## INFORMATION SUPPLIED
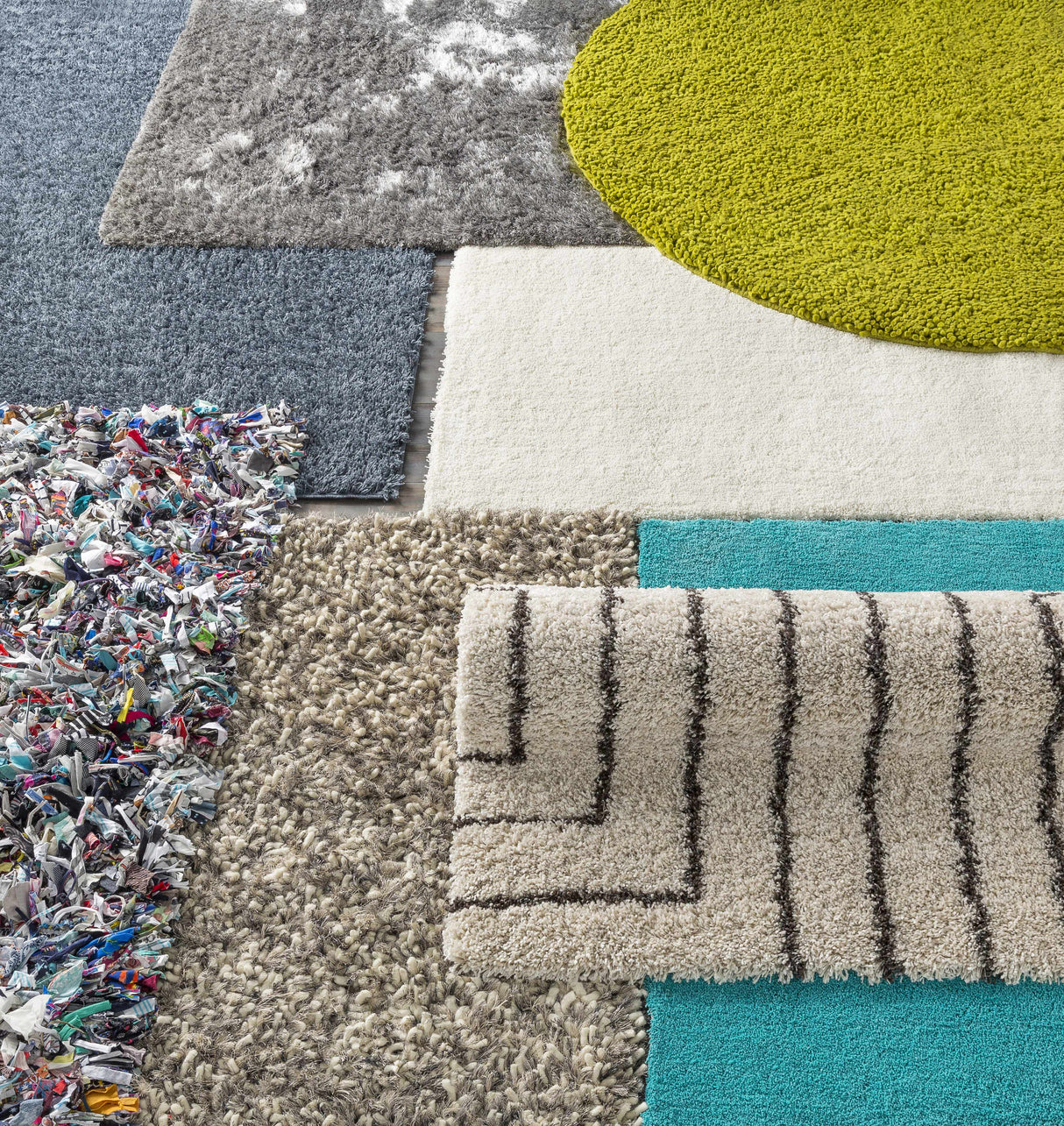 Frederika Solid Olive Green Wool Shag Rug - Clearance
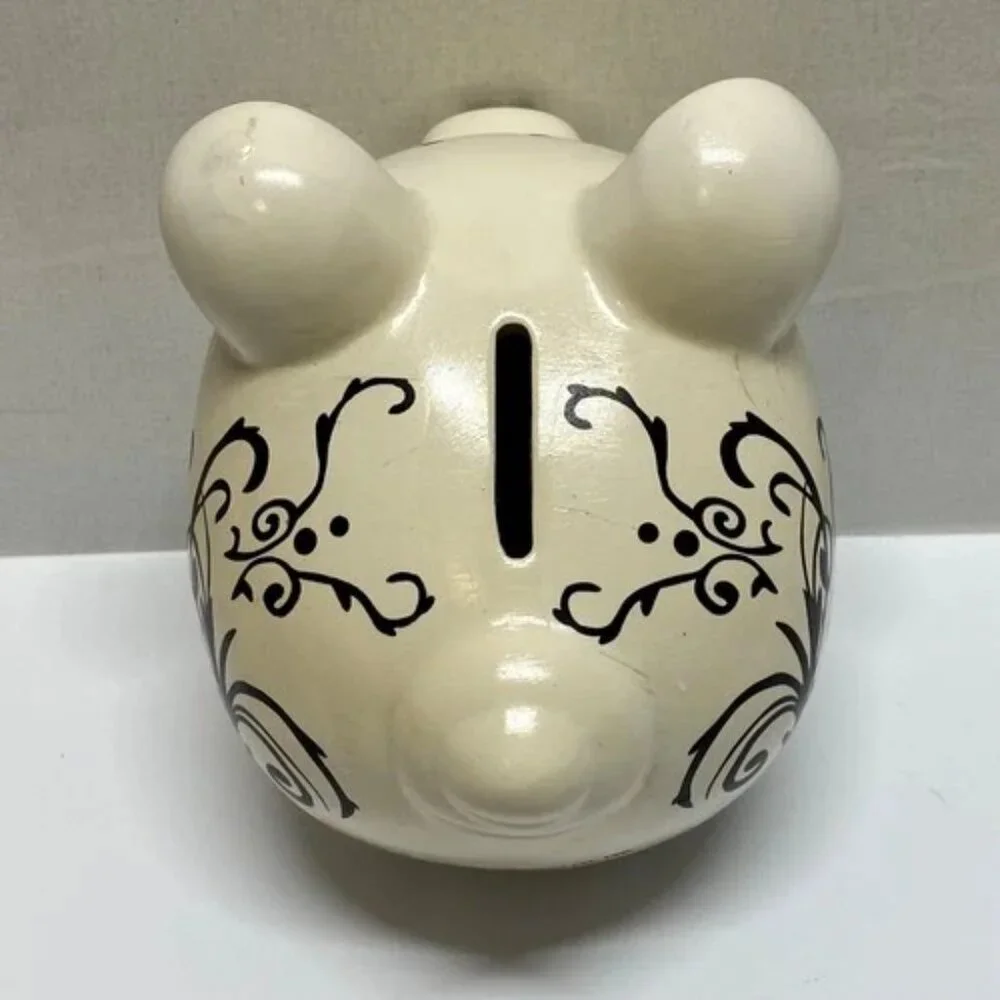 Target Piggy Coin Money Bank White Pig Black Scroll Qixing Ceramics 2011/12 READ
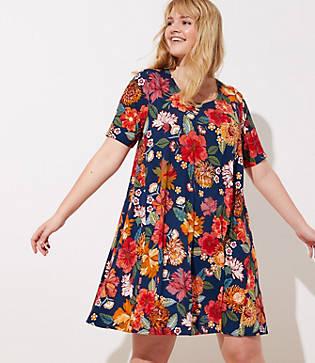 Loft Plus Floral Short Sleeve Swing Dress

## EXERCISE
Give back the listing word for word, minus its images.

## TASK SOLUTION
 Frederika Solid Olive Green Wool Shag Rug - Clearance
 Target Piggy Coin Money Bank White Pig Black Scroll Qixing Ceramics 2011/12 READ
 Loft Plus Floral Short Sleeve Swing Dress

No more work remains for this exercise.